▸ Task goal:
Output all entries verbatim. Skip pictures.

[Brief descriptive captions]
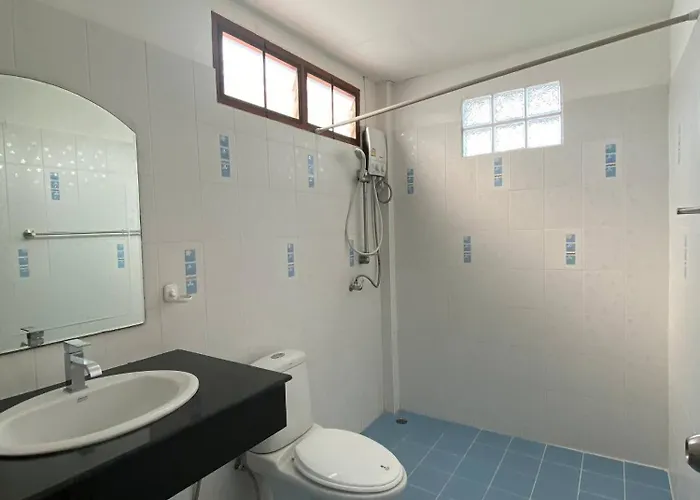 Maison d'hôtes Beautiful 2 Story Newly Renovated House *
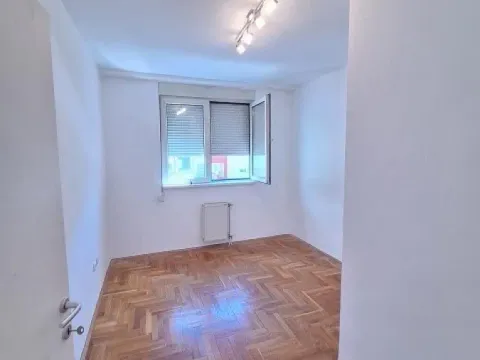 Izdavanje, trosoban stan, 65m², Rotkvarija, Novi Sad Sve Podlokacije - image 6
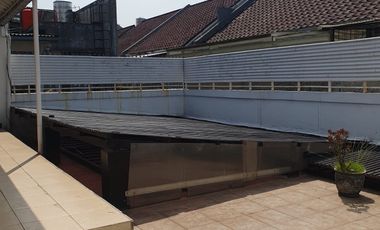 Dijual rumah 2 lantai mainroad di Jalan Mekar Wangi Bandung
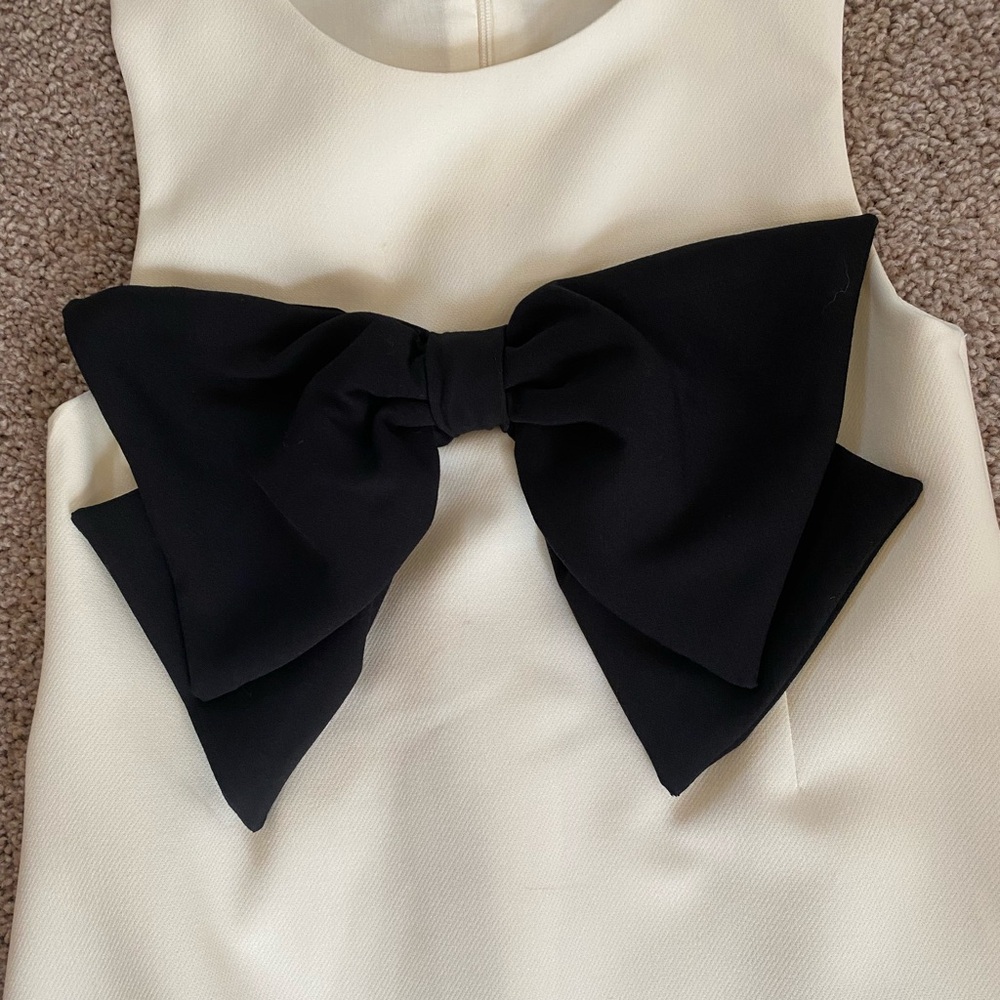 ZARA girls size 9 never worn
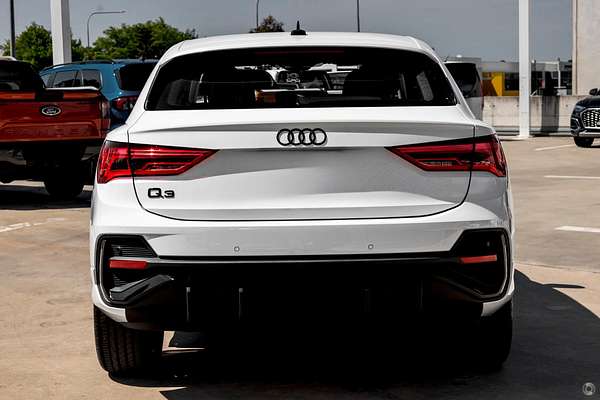 2025 Audi Q3 35 TFSI S line edition F3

▸ Exercise solution:
 Maison d'hôtes Beautiful 2 Story Newly Renovated House *
 Izdavanje, trosoban stan, 65m², Rotkvarija, Novi Sad Sve Podlokacije - image 6
 Dijual rumah 2 lantai mainroad di Jalan Mekar Wangi Bandung
 ZARA girls size 9 never worn
 2025 Audi Q3 35 TFSI S line edition F3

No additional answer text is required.